## Stored data

= = =

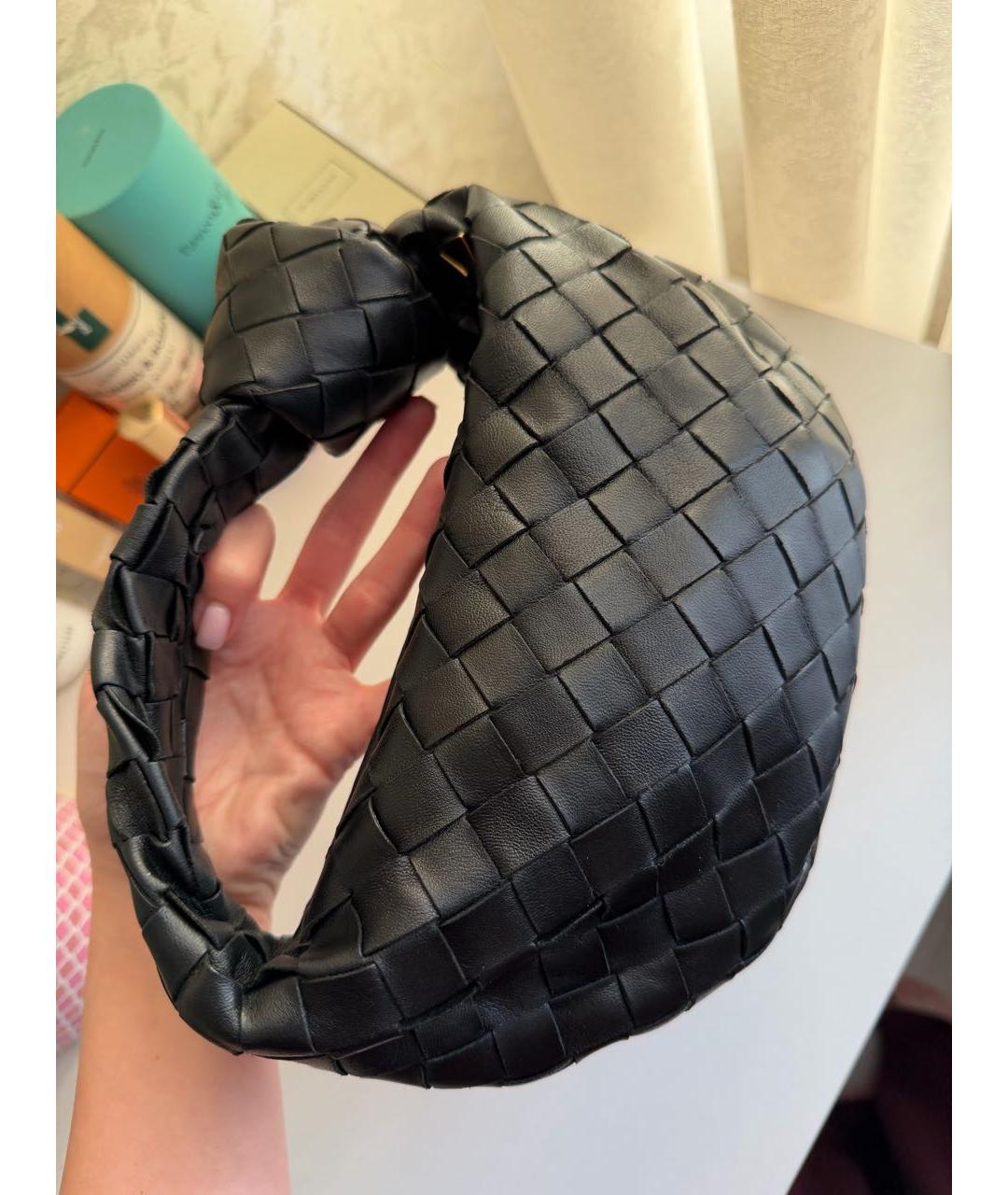 BOTTEGA VENETA Черная кожаная сумка с короткими ручками, фото 2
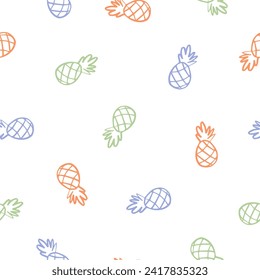 Seamless pattern with colorful outline pineapples
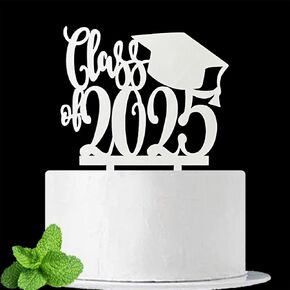 JIEEIN Class of 2025 Cake Topper, Congrats Grad Cake Topper, 2025 Graduation Party Decoration Supplies, Mirror Silver Acrylic
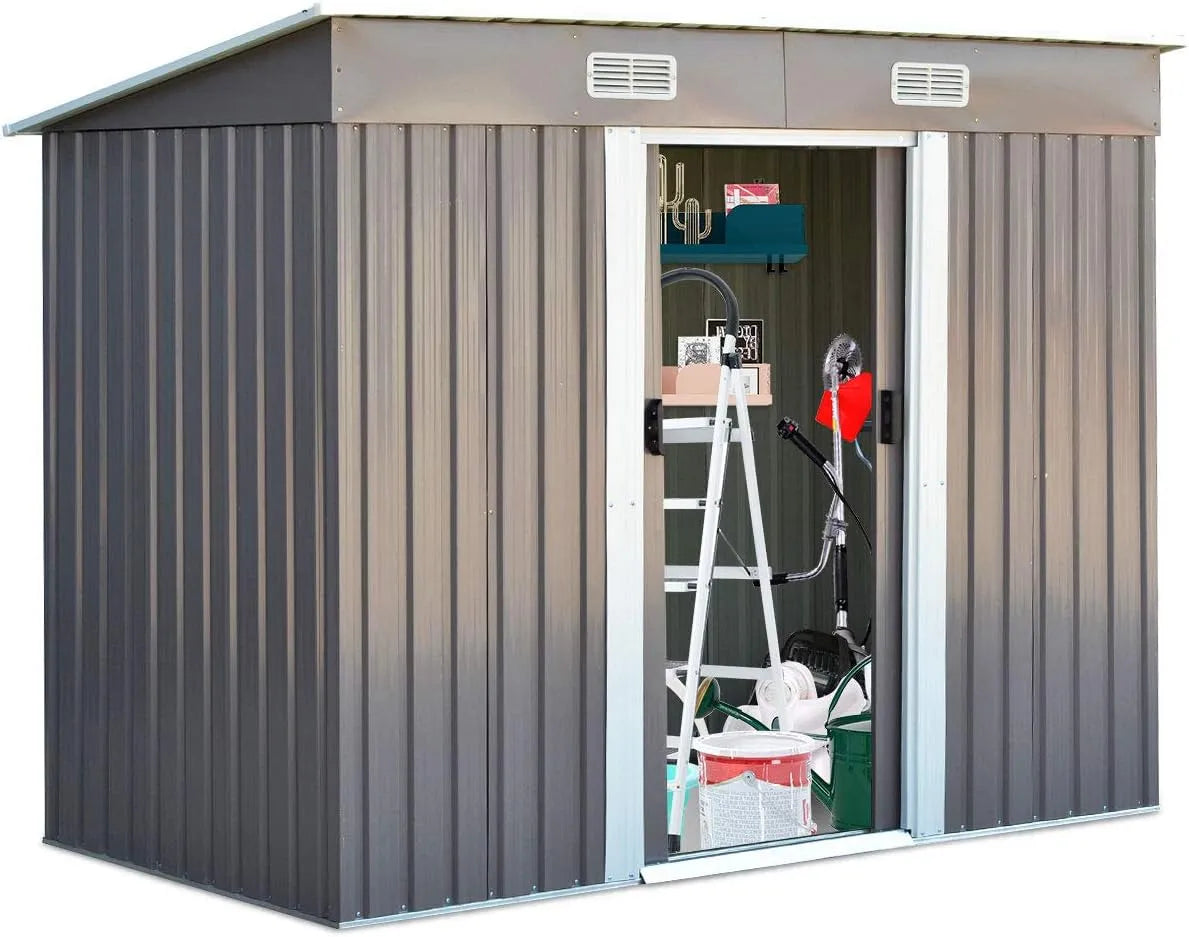 Goplus Gerätehaus, Metall 238 x 131 x 181 cm, Geräteschuppen mit 2 Schiebetüren & 4 Lüftungsfenster & Pultdach, Gartenhaus für Garten Hof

= = =

## Activity
When you reproduce the data shown above, keep each line exact and omit every picture.

## Worked solution
 BOTTEGA VENETA Черная кожаная сумка с короткими ручками, фото 2
 Seamless pattern with colorful outline pineapples
 JIEEIN Class of 2025 Cake Topper, Congrats Grad Cake Topper, 2025 Graduation Party Decoration Supplies, Mirror Silver Acrylic
 Goplus Gerätehaus, Metall 238 x 131 x 181 cm, Geräteschuppen mit 2 Schiebetüren & 4 Lüftungsfenster & Pultdach, Gartenhaus für Garten Hof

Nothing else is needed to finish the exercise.